Gold business drove asset yield higher while maintaining CoC
NIM declined to 5.5% in 1Q25 (-57bps qoq, -3bps yoy), driven by higher CoF at 2.6% (+21bps qoq, +17bps yoy), despite improved EA yield yoy, partly due to the higher portion of gold business. The gold business also drove BRIS to book solid fee-income growth (+36% yoy) and resilient CoC at below 1.0%. Despite higher provisioning, monthly CoC declined to 0.7% in Mar25, bringing 1Q25 CoC to 0.9%, higher than 4Q24’s low base but relatively stable yoy.
LDR reached 90% as loans grew across business segments
Loans grew +3% qoq / +16% yoy, while deposits declined 1% qoq but still rose +7% yoy, pushing LDR up to 90% in 1Q25 from 85% in 4Q24. Loans grew across all segments, i.e., consumer, SME, and wholesale grew 16%, 15%, and 17% yoy, respectively.
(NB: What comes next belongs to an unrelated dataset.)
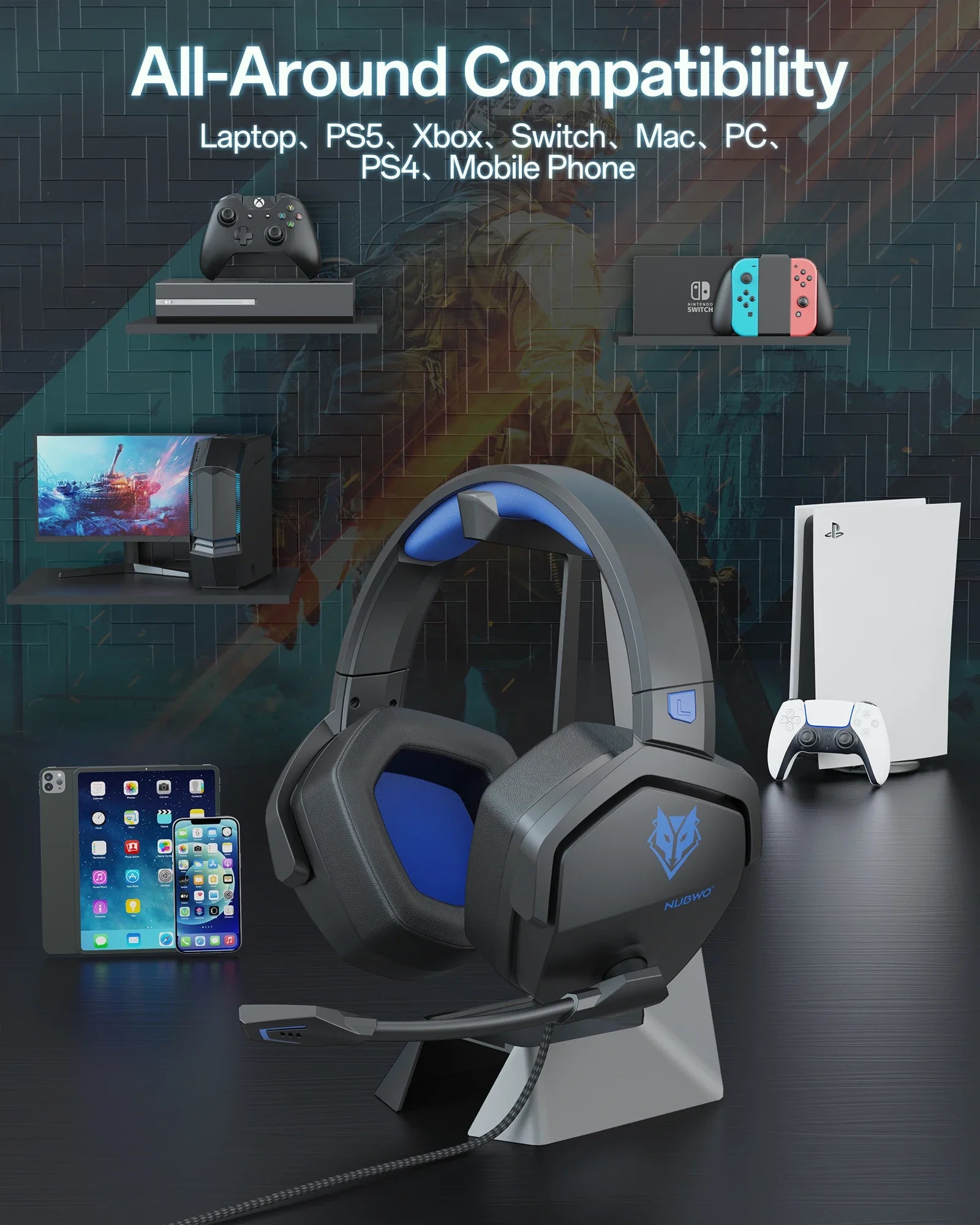 NUBWO N16 Wired Gaming Headsets for Xbox PS5 PS4 PlayStation Switch Mac Over Headphones with MIC Stereo Sound Wired Xbox Headet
The consumer loan growth was driven by auto (+26% yoy), payroll (+15% yoy), and gold business (+82% yoy), of which the latter was supported by the soaring gold prices.
Downgrade to HOLD on valuation, unchanged TP at Rp2,900
Since our rating upgrade at the end of Mar25, share price has risen 31%. Despite the robust performance, resilient outlook, and attractive business model, we downgrade our rating from Buy to Hold, as the stock is now trading at its fair value, in our view. We maintain our TP at Rp2,900, based on a CoE of 8.0% (inverse CoE since the merger), LTG of 3%, and FY25F ROE of 16.5%, resulting in an FV PBV of 2.8x. Risks to our view are improving CoF and higher-than-expected earnings growth.